How to respond to negativity with kindness
Now that you’ve processed (and hopefully controlled) your own emotions, it’s time to deal with the other person. Here are five options The Nodlands suggest we do that::
- Avoid mirroring other negative actions and thoughts. Treat them kindly. This could mean apologizing when appropriate. Example: “I’m sorry if I did or said something that hurt you.” Acknowledge the views of others without judging.
- Speak in a pleasant, friendly voice, as if you were speaking to a friend. Keep your voice under control and avoid anger.
- Maintain an open and relaxed posture. Avoid rolling your eyes, sighing, or showing any other negative body language.
- To breathe!
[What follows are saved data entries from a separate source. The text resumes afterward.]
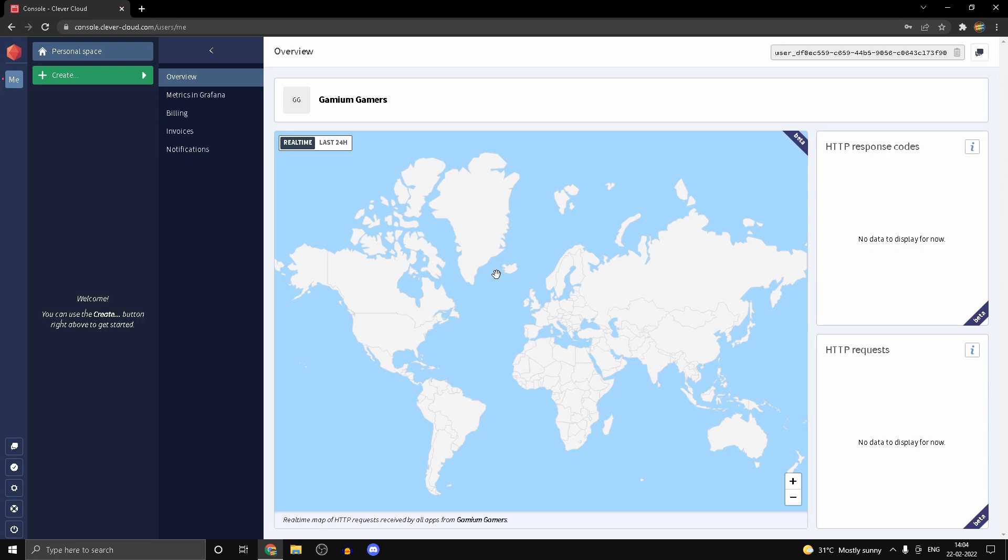We are finally heading outside of Unreal Engine to clevercloud.com because we are going to be setting up a player database for our multiplayer game.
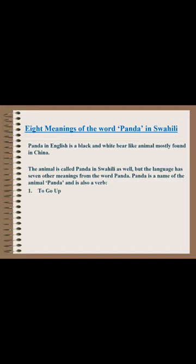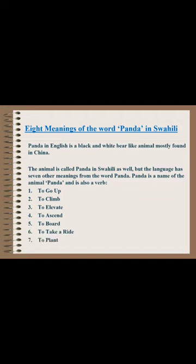The verb meanings are: to go up, to climb, to elevate, to ascend, to board, to take a ride, and to plant. All these words have the same meaning — panda.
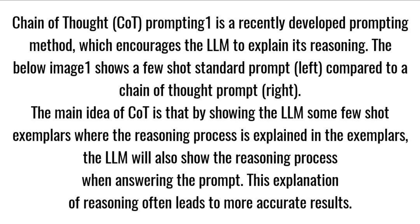Chain of Thought, or CoT, prompting is a recently developed prompting method which encourages the LLM to explain its reasoning.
Inhale a few long, slow, deep breaths through your nose, take a short break, and then let your breath out. Diaphragmatic breathing relaxes you and re-centers your emotions.
- Smile, a real, friendly smile. Smiling can help you and others feel good.
Will your kind smile make the negative person think about their own behavior and improve it? Probably not. But at least you can get away from the interaction and feel good about how you handled it.